> [Work instruction]
The entries need to be copied exactly as they stand, images left out.

> [Data for analysis]
>>

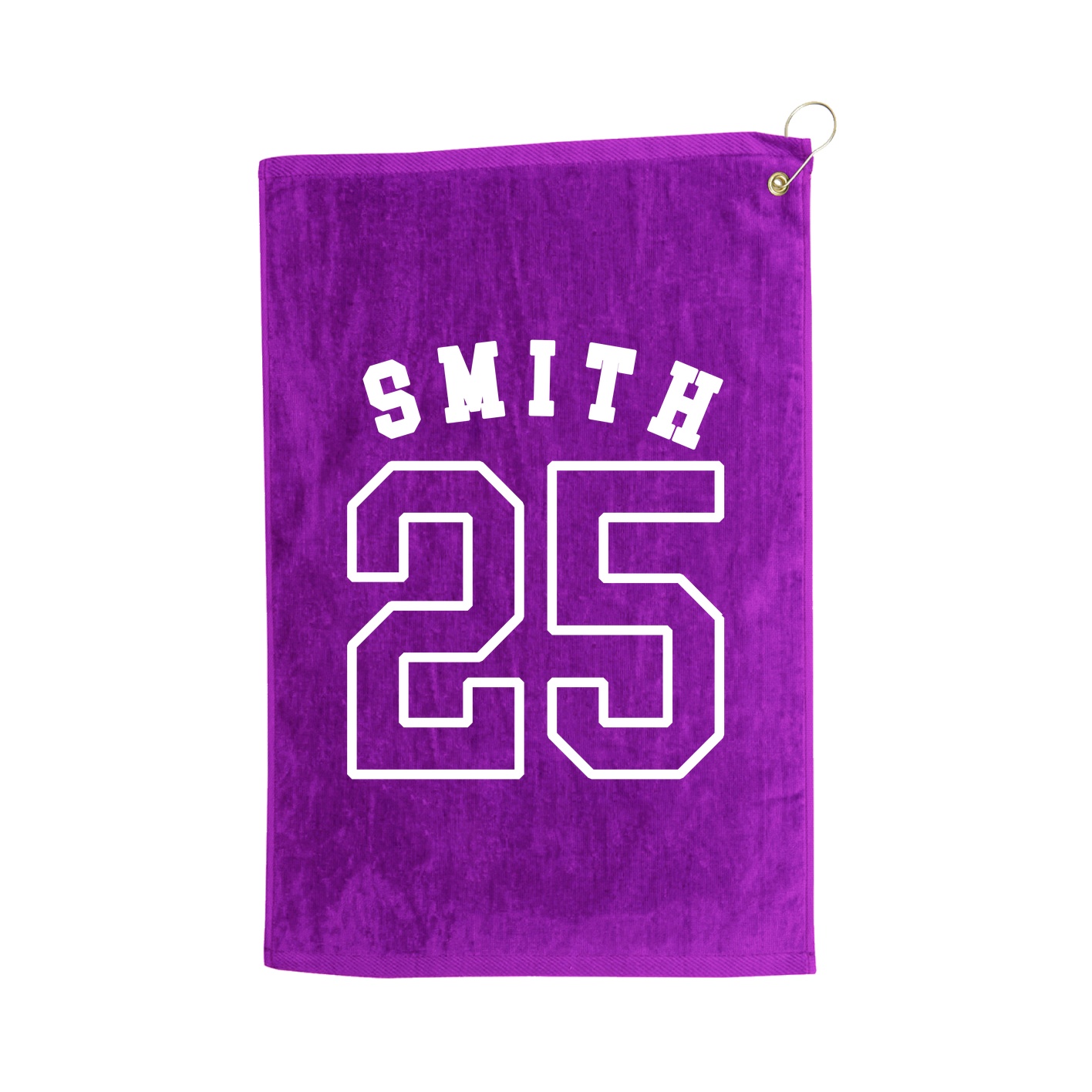 Golf Towel — Shirsey Arch in Purple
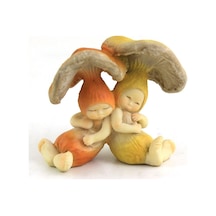Minyatür Peri Bahçesi Ve Teraryum Uyuyan Shroom Bebekler Diğer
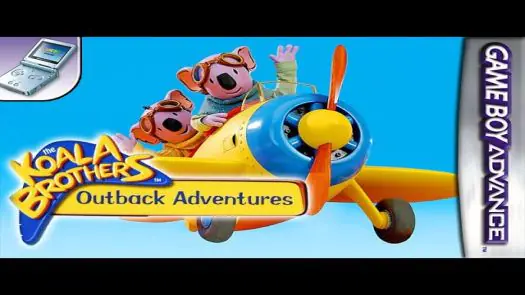 The Koala Brothers Outback Adventures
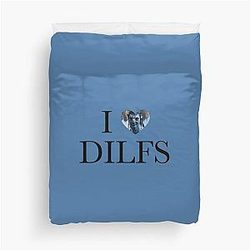 I Love DILFs Jake Sully Duvet Cover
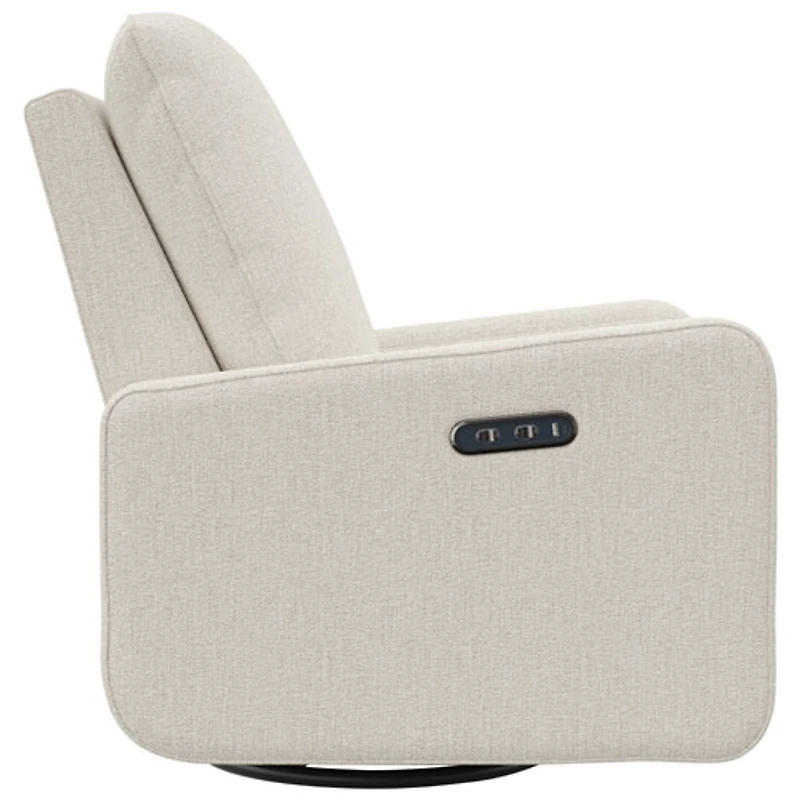 Fauteuil coulissant pivotant inclinable électrique Teddi de Graco avec port de chargement USB - Natté dune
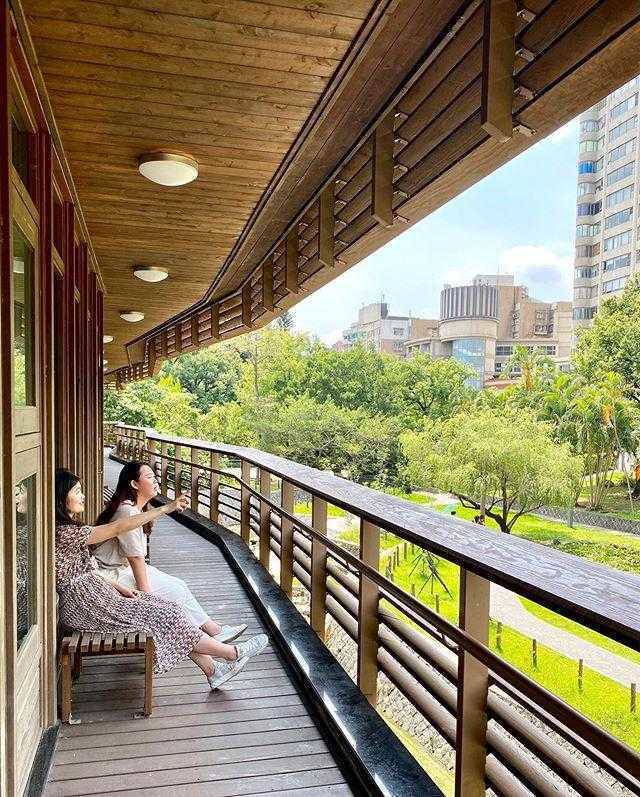 ▲北投圖書館(來源IG/@goodwordsbookclub)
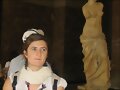 En el Louvre con la Venus de Milo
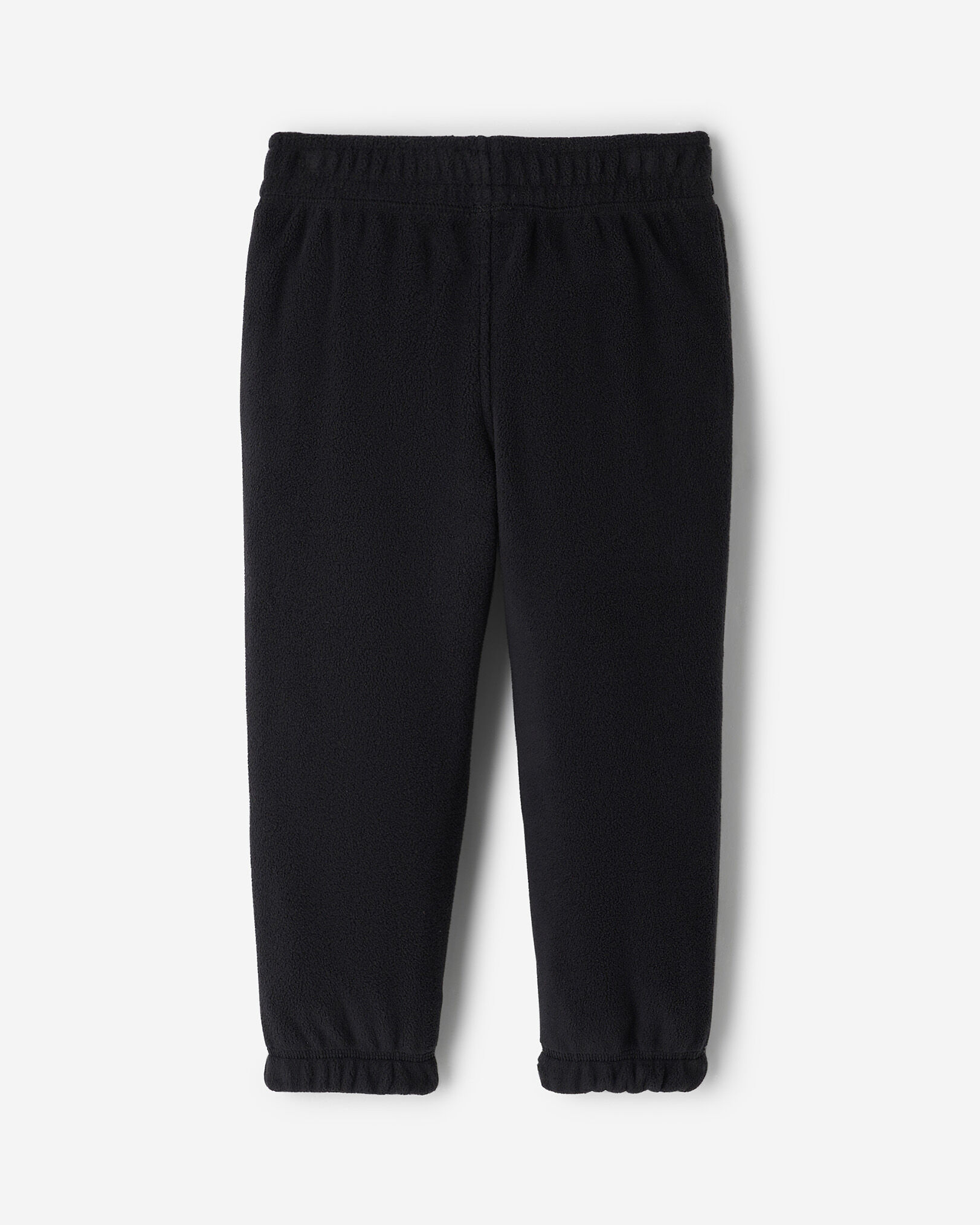 Pantalon sport ajusté en micromolleton pour tout-petits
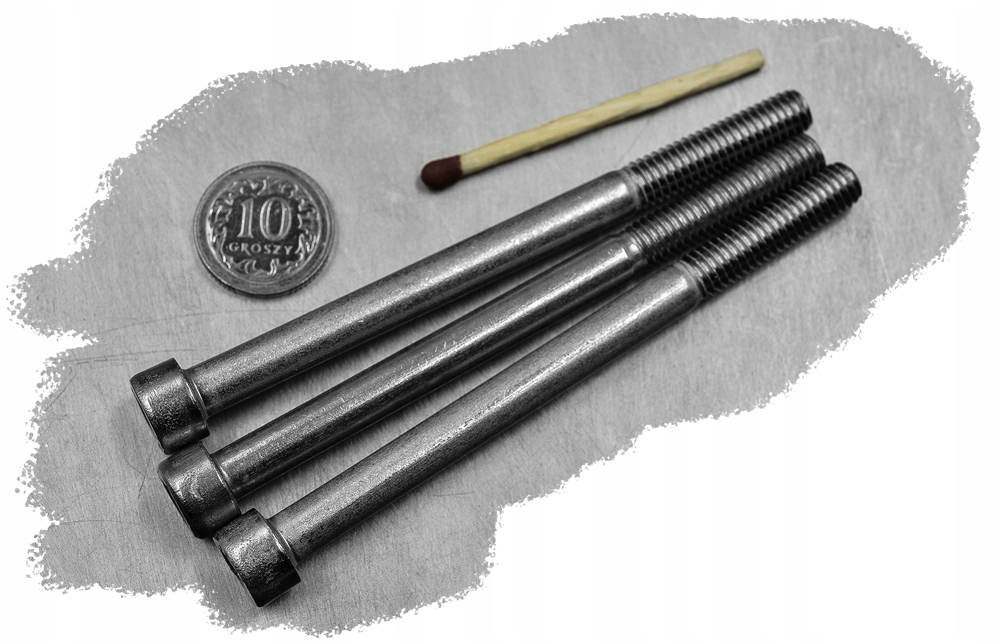 

M5x90 Śruba Imbusowa Walcowa Nierdzewna A2 912 (1)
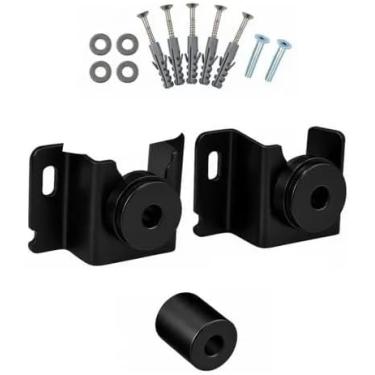 Imagem de KIT Suporte Universal Fixo para Smart TV LED LCD 4K Parede Painel 10 a 100 Polegadas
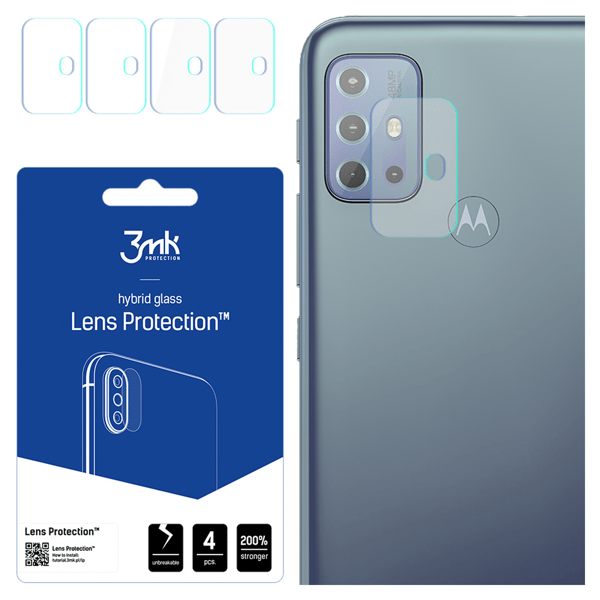 Motorola Moto G20 - 3mk Linsskydd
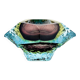 Alessandro Mandruzzato Murano Sommerso Ice Design Bowl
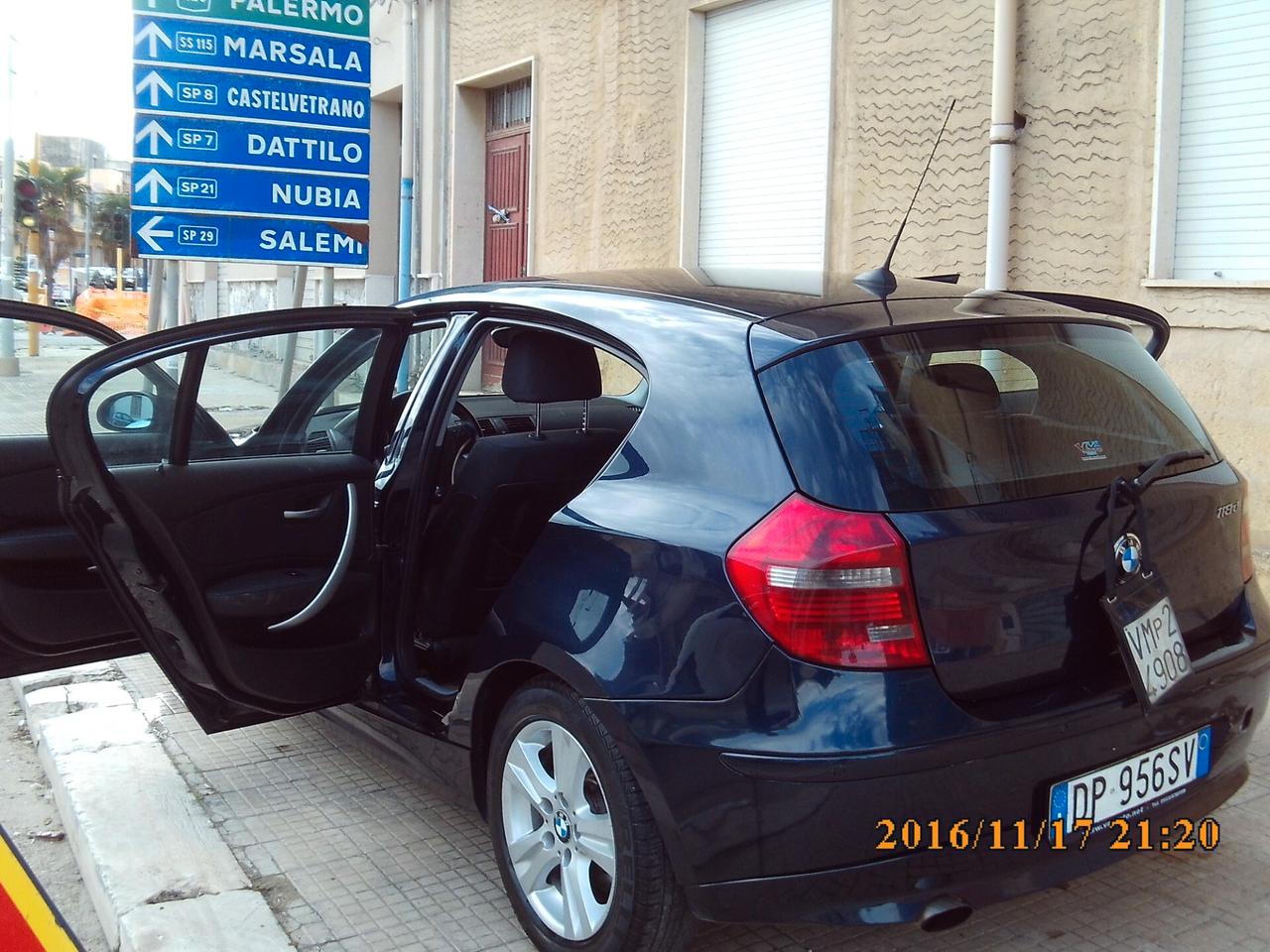 Bmw 118 118d cat 5 porte Futura DPF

<<

> [Solution to the exercise]
 Golf Towel — Shirsey Arch in Purple
Minyatür Peri Bahçesi Ve Teraryum Uyuyan Shroom Bebekler Diğer
 The Koala Brothers Outback Adventures
 I Love DILFs Jake Sully Duvet Cover
 Fauteuil coulissant pivotant inclinable électrique Teddi de Graco avec port de chargement USB - Natté dune
 ▲北投圖書館(來源IG/@goodwordsbookclub)
 En el Louvre con la Venus de Milo
 Pantalon sport ajusté en micromolleton pour tout-petits

M5x90 Śruba Imbusowa Walcowa Nierdzewna A2 912 (1)
 Imagem de KIT Suporte Universal Fixo para Smart TV LED LCD 4K Parede Painel 10 a 100 Polegadas
 Motorola Moto G20 - 3mk Linsskydd
 Alessandro Mandruzzato Murano Sommerso Ice Design Bowl
 Bmw 118 118d cat 5 porte Futura DPF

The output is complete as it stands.